Information shown:
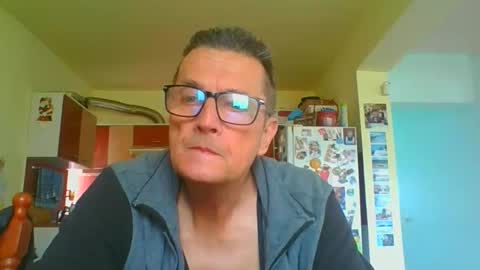 ulmeni4 online show from April 21, 11:38 am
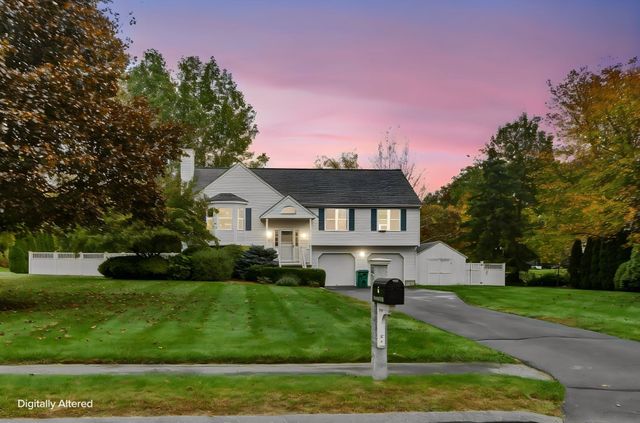 6 Clover Hill Road, Sutton, MA 01590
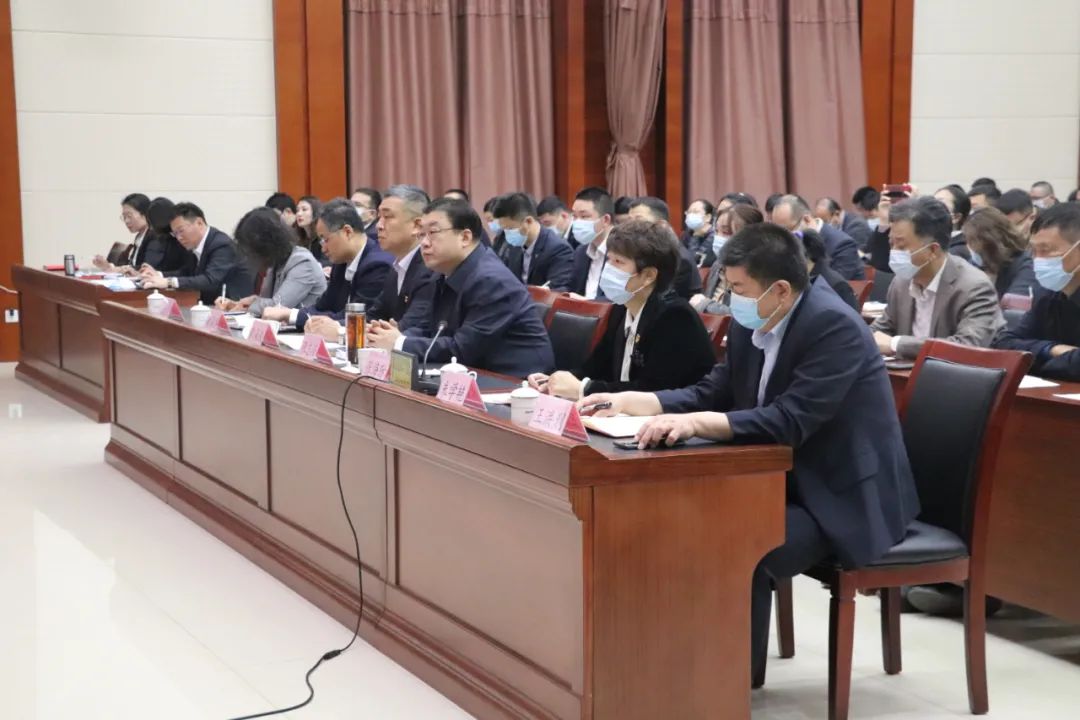 解放思想 真抓實(shí)干丨惠眾財(cái)金召開“建設(shè)更高水平富強(qiáng)濱州中心城區(qū)，惠眾怎么干”解放思想大討論動員大會(圖3)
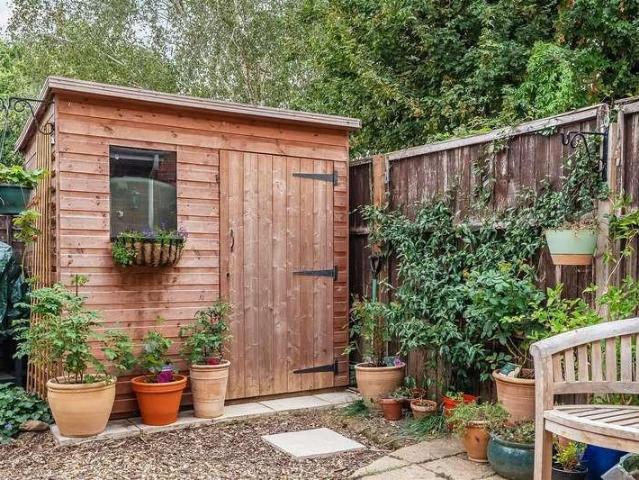 House for sale in Holland, Tandridge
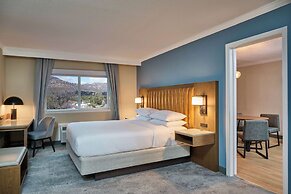 DoubleTree by Hilton Chatsworth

Exercise description: Word for word, give again the lines from the line holding "House for sale in Holland, Tandridge" through the last line of the material, both included; pictures are not part of the copy.

Answer space:
 House for sale in Holland, Tandridge
 DoubleTree by Hilton Chatsworth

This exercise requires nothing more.